We had nothing planned until The Tempest that evening. John looked in our dog hikes in Oregon book and found one that seemed good to him. It was a hike around some lake a little south of Jacksonville. So we set off in the car. We stopped for a bit in Jacksonville. When I saw the town I remembered that Ellen and I had come here with Naida one day while John was taking classes. It seemed a little bigger than I remembered it, and more conservative, too. I saw a couple of those "This car will be unmanned in case of Rapture" and when we asked the lady at the visitor center if there was a bookstore in town we were directed to "Discount Christian Books." Now there's the Republicans for you: not just tacky religion, but tacky religion on the cheap.
The lake hike was a bit of a disappointment. First of all, we should have realized that in this area any large body of water is likely to be a reservoir, and these are just not as attractive as real lake. We strolled around for a bit, and John and Edie got wet. We got turned around at one point, and John, who really wasn't wearing the best shoes for this kind of hiking, just announced that he'd had enough.
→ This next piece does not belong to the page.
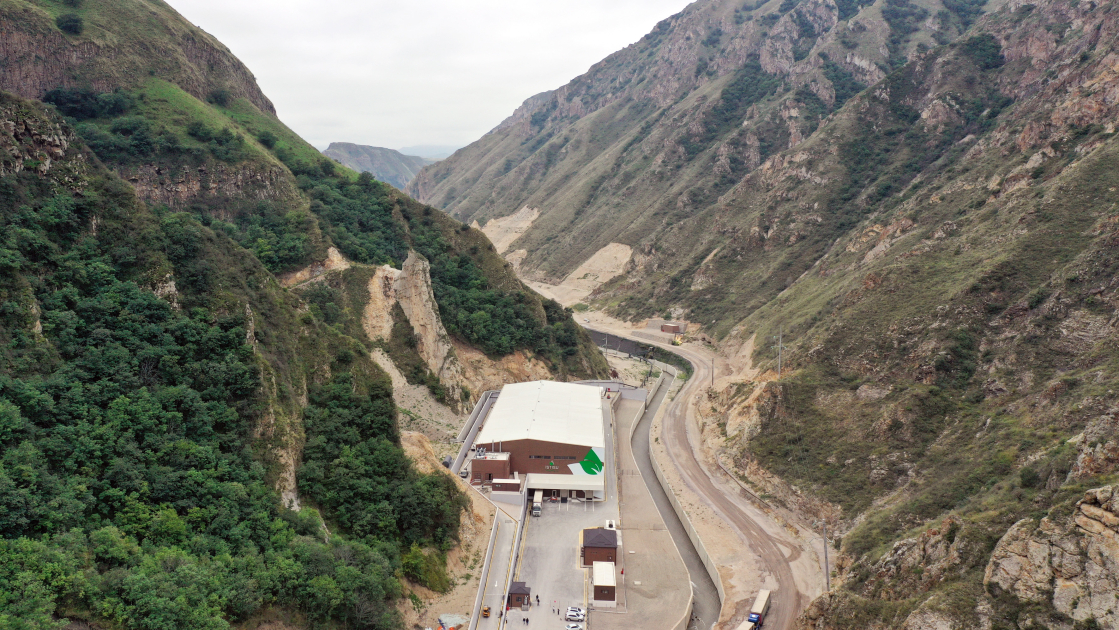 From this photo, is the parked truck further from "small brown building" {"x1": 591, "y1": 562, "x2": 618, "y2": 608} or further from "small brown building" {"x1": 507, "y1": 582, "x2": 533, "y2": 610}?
"small brown building" {"x1": 507, "y1": 582, "x2": 533, "y2": 610}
We hadn't done much of the trail, but frankly it did not seem all that wonderful so I did not protest that I wanted to stay and do all three hours of it.
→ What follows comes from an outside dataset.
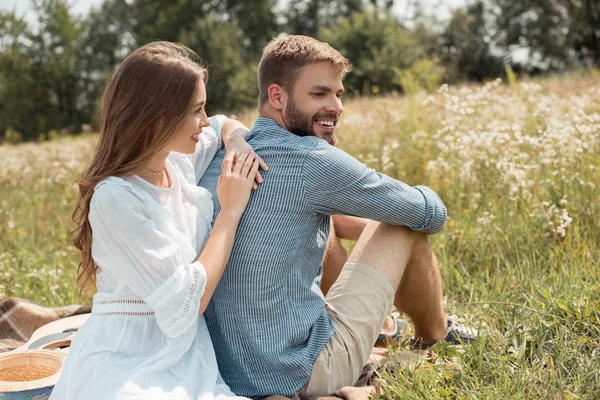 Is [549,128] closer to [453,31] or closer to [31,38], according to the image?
[453,31]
We tried to look for the book John had lost at a bookstore in Ashland. Much of the main part of town had been shut down and cordoned off by the police, and this made traffic incredibly slow and parking a bit challenging. We learned later that it was because a phony bomb had been left by the statue of Abraham Lincoln. It had a note connected to it saying that it was a fake, but the police called in the bomb squad as usual. We didn't find the book John wanted, but ended up buying a couple others instead.
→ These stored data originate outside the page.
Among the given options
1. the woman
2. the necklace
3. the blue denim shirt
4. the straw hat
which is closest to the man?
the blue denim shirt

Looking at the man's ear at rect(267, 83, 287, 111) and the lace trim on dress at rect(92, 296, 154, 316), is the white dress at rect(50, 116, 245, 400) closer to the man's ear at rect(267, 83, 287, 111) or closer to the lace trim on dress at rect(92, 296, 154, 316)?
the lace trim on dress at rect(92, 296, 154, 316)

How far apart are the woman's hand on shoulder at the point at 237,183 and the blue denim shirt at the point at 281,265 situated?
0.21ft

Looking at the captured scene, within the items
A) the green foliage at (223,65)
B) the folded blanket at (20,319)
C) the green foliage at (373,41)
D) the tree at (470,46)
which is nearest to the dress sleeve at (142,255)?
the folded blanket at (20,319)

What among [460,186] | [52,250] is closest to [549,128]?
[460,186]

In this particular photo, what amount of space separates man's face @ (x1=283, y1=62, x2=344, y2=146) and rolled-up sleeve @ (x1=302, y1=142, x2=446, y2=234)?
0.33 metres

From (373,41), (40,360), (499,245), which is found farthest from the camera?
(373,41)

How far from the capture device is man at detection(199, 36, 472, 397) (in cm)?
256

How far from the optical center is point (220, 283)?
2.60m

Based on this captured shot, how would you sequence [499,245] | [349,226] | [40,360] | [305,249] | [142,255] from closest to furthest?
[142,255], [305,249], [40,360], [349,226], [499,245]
John took Edie and me back to the room, and he went off to the grocery store to get stuff for an early dinner. All three of us ate and took naps, and we went off to see the play.
It was a traditional presentation of The Tempest, but quite well-done. The actor who did Prospero was particularly good. One of the problems with the play is that there's so much exposition about the events which happened in Milan and Naples and then all the stuff with the shipwreck. I've seen this part handled a little more creatively than they did in Ashland, but once Act I is over it picks up a bit. They did a Cirque du Soleil style act with acrobats on ropes for the illusion that Prospero creates for Miranda and Ferdinand -- that could have been cheesy but worked well.